The 1950’s seemed to be a decade hiding the realism of everyday life by highlighting the prosperity of a post-war era and the reachable “American Dream” that was sought by those living in this decade. Because no one wanted to confront the realities of the Cold War, the Jim Crow ways lending to racial divisions, and the generational differences between the new breed of teens and their elders, Robert Frank’s The Americans, was not well received. Being an immigrant, Frank saw America the way it really was and did not attempt to glamorize what he saw. He shot the real Americans in their everyday lives and captured the heart and soul of that era in American life.
It is important to note that Frank's subjects are not posed and no one is “smiling for the camera.” Frank captured the faces of the American public within their everyday lives showcasing real expressions of real people living in 1950’s America. Frank’s photos highlight everything from prosperity to poverty, multitudes to desolation, new life to finality of death, and happiness to sorrow which all occur during our lifetimes making his photos easy for the viewers to understand and relate.
Furthermore, Frank was able to emphasize some of the issues of his era, especially segregation, patriotism, and generational gaps. For example, the New Orleans photo on the cover shows a trolley car obviously segregated with white riders in the front and black riders in the back. However, Frank also shows blacks and whites working side by side in an assembly line photo taken in Detroit as well as a black nurse holding a white baby in Charleston, South Carolina with undertones of hope for equality further highlighted by the photo taken in Detroit bar of Presidents Lincoln and Washington bookending an American flag. In addition, the same New Orleans trolley car photo showing children riding directly in front of an older black man and directly behind an older white woman in addition to the Charleston photo of the black nurse and the white baby could be interpreted to show hope for a better future by emphasizing the children. A photo of a baby next to a jukebox on an empty dance floor in Buford, South Carolina, indicates optimism for a future of fun and excitement. A further example is in a Georgetown, South Carolina photo where three generations are sitting together on a couch, a small child, a woman who appears to be his mother, and an older woman who appears to be his grandmother, who is holding a cigarette.
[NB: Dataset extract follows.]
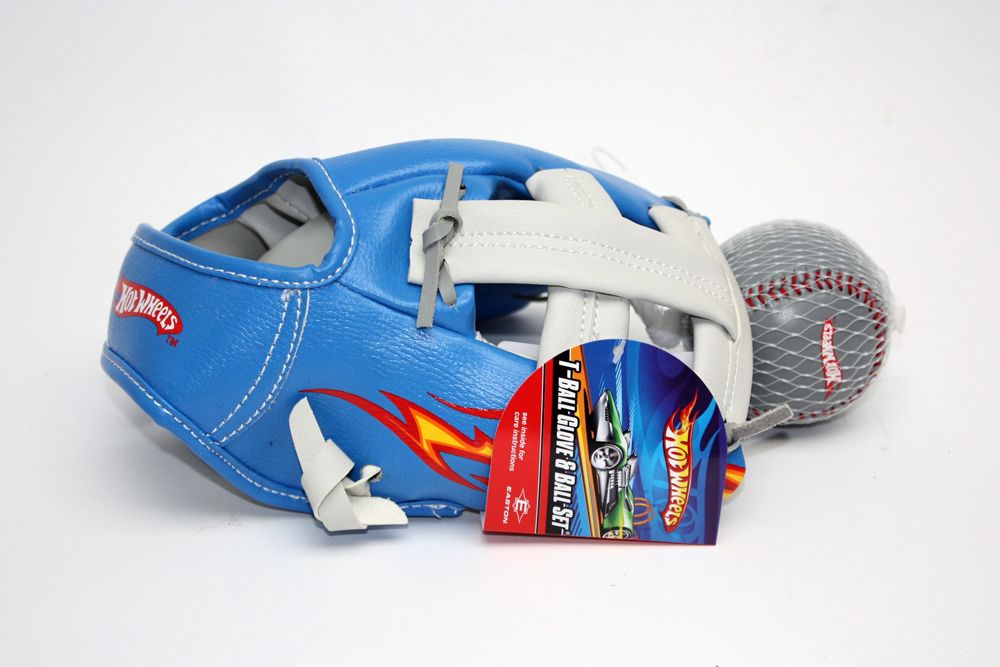 Easton Hot Wheels T-Ball Glove & Ball Set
Although this may not have been Frank’s intention, because the two younger generations are not smoking, this photo indicates that the future is brighter for the newer generations who are not partaking in the health risks of the older generation. There is also a photo of teenagers necking in a public park in Ann Arbor, Michigan, showcasing the teens in love indicating hope for future generations.
American patriotism seems to be a universal theme throughout Frank’s photos as well. Many of the photos in the book contain an American flag which shows the high level of patriotism felt by Americans in the era after defeating Germany and Japan in the Second World War and at the beginning of the Cold War with the rising Soviet Union as a communist superpower. Flags are hung on an apartment building during a parade in Hoboken, on the wall in a Navy Recruiting Station in Butte, Montana, hanging outdoors during a Fourth of July celebration in Jay, New York, on the wall in the Detroit bar, hanging from the building in a political rally in Chicago, and there are star lights in the background of a club car headed to Washington DC.
The most important theme within Frank’s photos is that of “Americans.” Frank photographed people from different cultures, including blacks, Hispanics, Jews, and whites; celebrating different religious and civil ceremonies from funerals to weddings. He included biker groups, prostitutes, celebrities, high-class socialites, rural farmlands, cowboys, soldiers, teenagers, politicians, families, senior citizens, children, gamblers, and travelers among others within the photos. This variety of people from different backgrounds living and socializing in different settings is truly American in that it is a blend of all different types of people living together as one nation.